• Requirement
Nothing but the text should be carried over: reproduce all the data exactly and leave out every image.

• Information supplied
+++
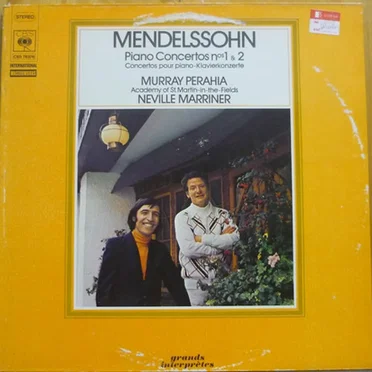 Piano Concertos nos. 1 & 2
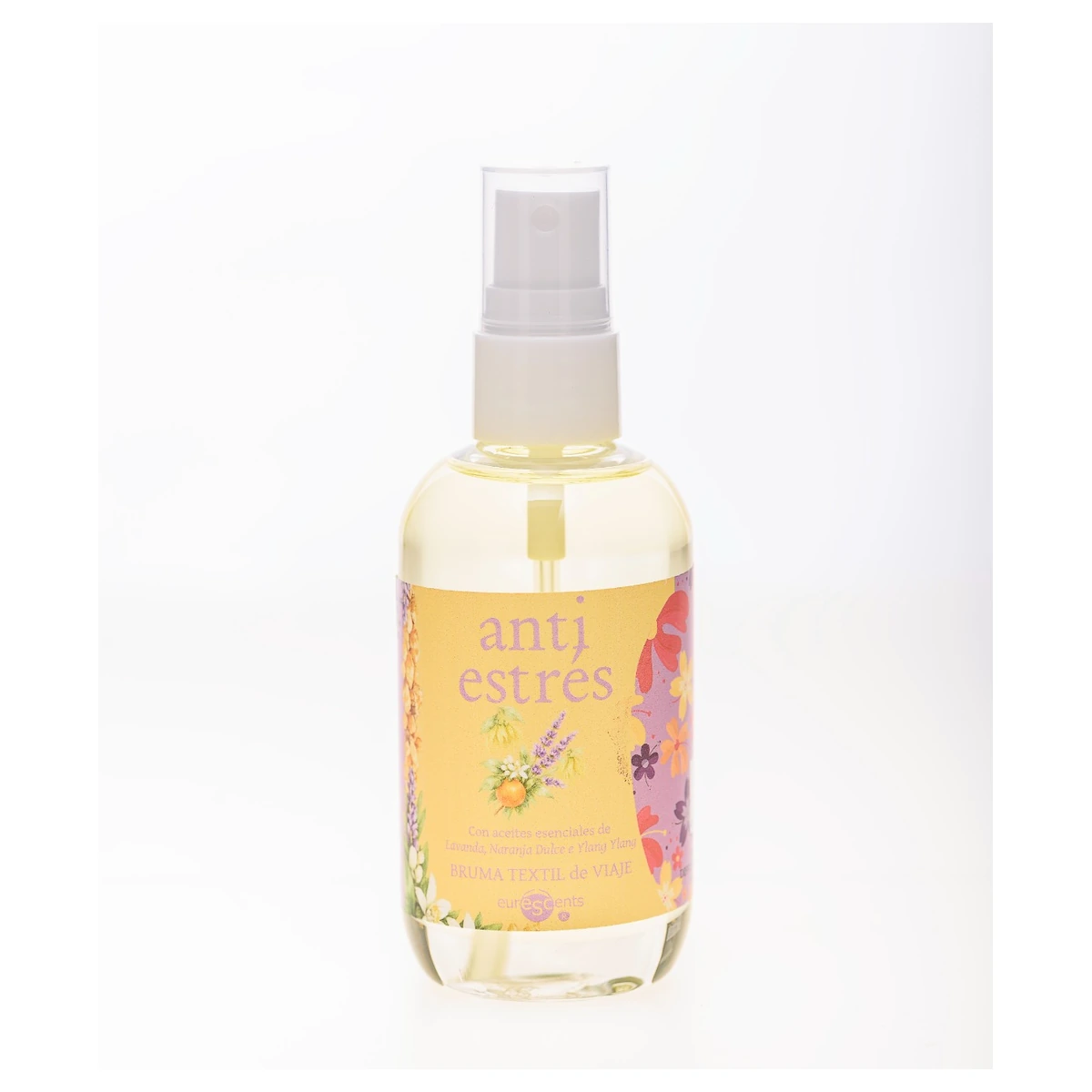 Bruma textil y de viaje Anti Estrés – 100 ml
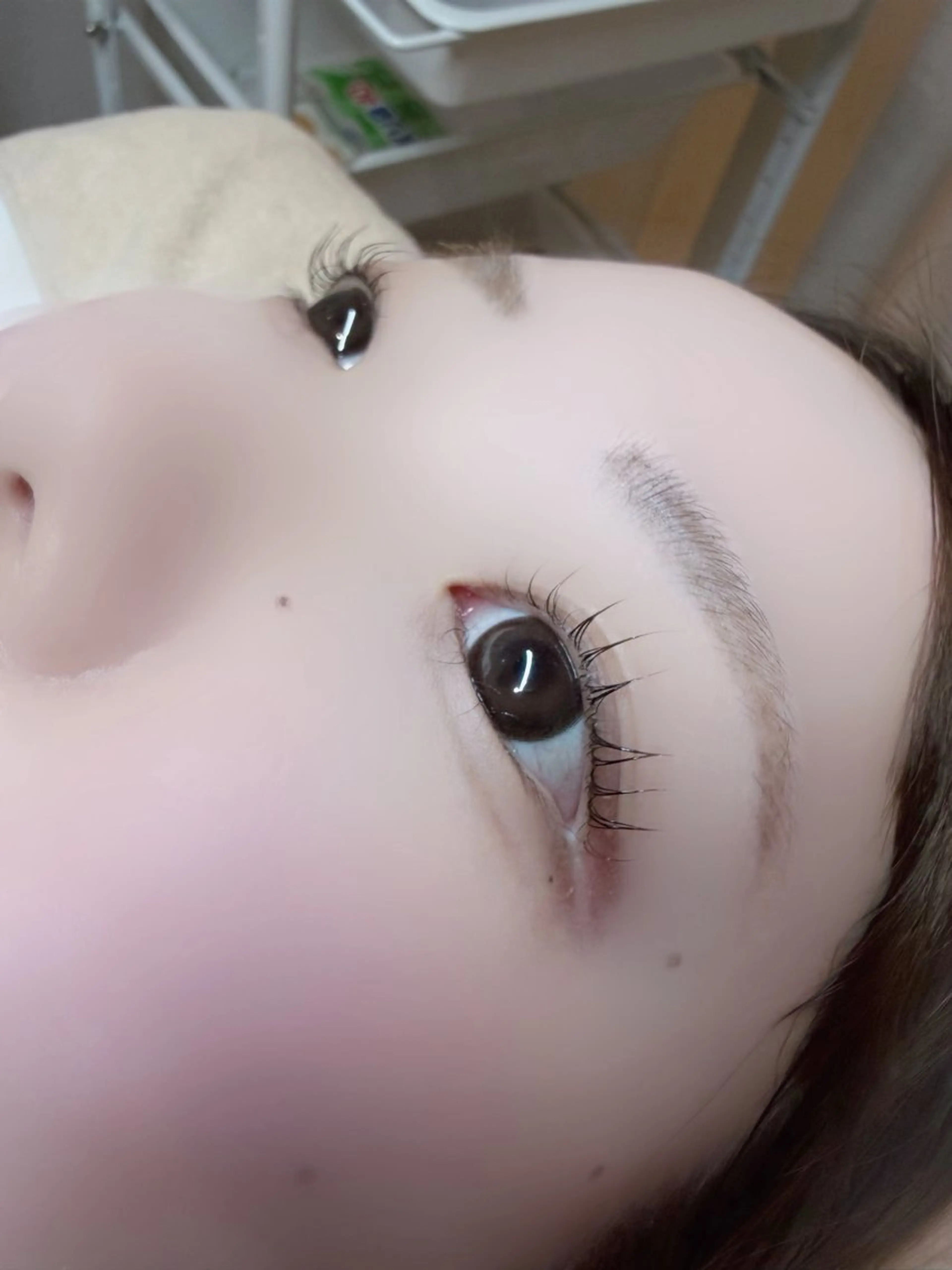 マツエク・マツパ 平尾 詩枝のマツエク・マツパデザイン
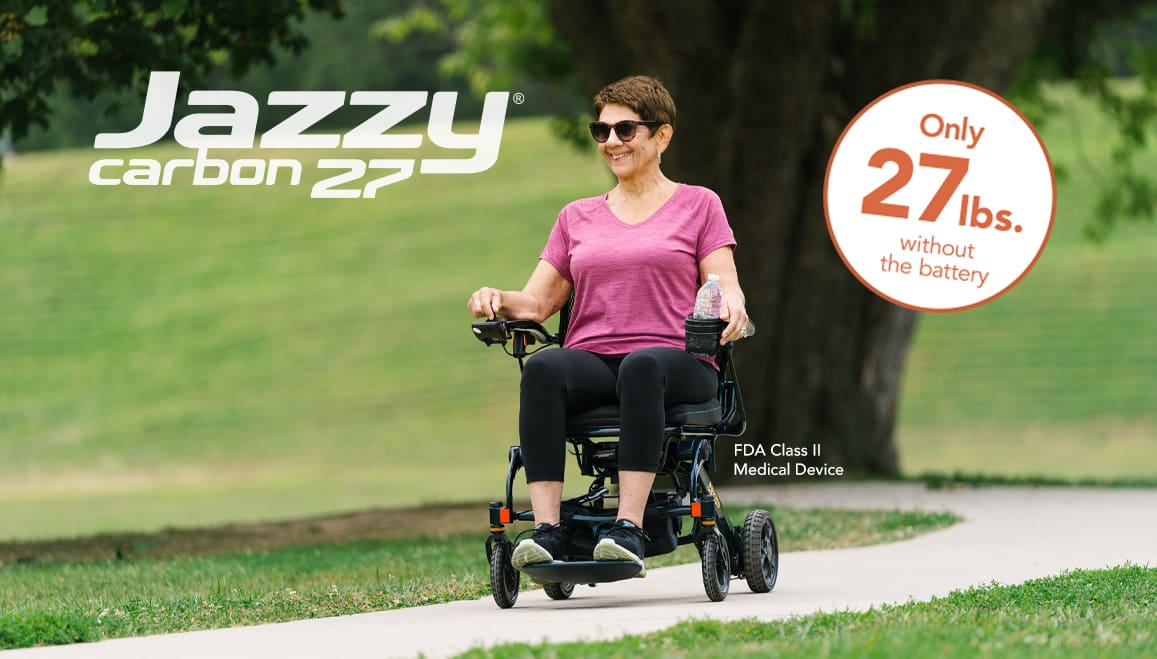 Jazzy® Carbon 27, photo 5 of 5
+++
• Reply to the exercise
 Piano Concertos nos. 1 & 2
 Bruma textil y de viaje Anti Estrés – 100 ml
 マツエク・マツパ 平尾 詩枝のマツエク・マツパデザイン
 Jazzy® Carbon 27, photo 5 of 5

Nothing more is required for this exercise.